Mentre il linguaggio poetico è svincolato dalle leggi del pudore e della riservatezza, dovendo in un certo senso mettere in piazza i sentimenti più intimi e non diversamente confessabili… il linguaggio filosofico è e rimane vincolato alle leggi della decenza e della compostezza razionale, per quanto lo spirito dello scrittore emerge estremamente diversificato a seconda dell’autore, del tema e del contesto.
Nonostante queste evidenti diversità, i due linguaggi non hanno solo punti di diversificazione, hanno anche punti di contatto e di somiglianza; sono talmente coerenti l’uno all’altro da potere andare a braccio, sono talmente complementari l’uno dell’altro da non potere essere nè sostituiti nè scelti l’uno a migliore rappresentanza dell’altro.

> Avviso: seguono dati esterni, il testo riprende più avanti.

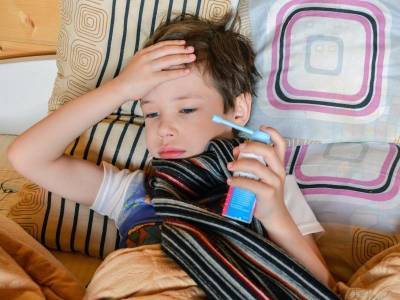 Медики научили россиян отличать ковид от гриппа и простуды уже по первым симптомам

Si sta dicendo che la filosofia sposa perfettamente la poesia e viceversa, così come la filosofia potrebbe aprirsi ad altre forme di espressione dialettica e dialogica assimilabile all’uso della parola; sto pensando al teatro, sto pensando al cinema, sto pensando alla stessa fotografia che riproduce la realtà con le immagini di ciò che vediamo ed infine sto pensando all’arte che riproduce la realtà con le immagini di ciò che percepiamo.
E per questa banale situazione fatta di sodalizi e di convergenze che parole, immagini e suoni si rincorrono senza mai esaurirsi e potersi esaurire.
La musica, altro elemento non ignorabile in questo discorso, non è che la parola mancante o meglio la parola messa in nota.
La danza che sposa la sua musica non è che il corpo stesso che diventa parola danzante, parola che si agita, si mette in punta di scarpa, trae dalla potenza e dalla disciplina dei propri muscoli la forza di lanciarsi nello spazio e di raggiungere attraverso lo sguardo dei suoi spettatori sempre lei, sempre la sola protagonista indiscussa, ossia la parola che la rappresenta.
Senza la possibilità di parlare e di parlarci saremmo come dei corpi senz’anima, vasi vuoti destinati al macero; ecco perchè è così importante usare bene le parole e dare alle parole il loro giusto peso.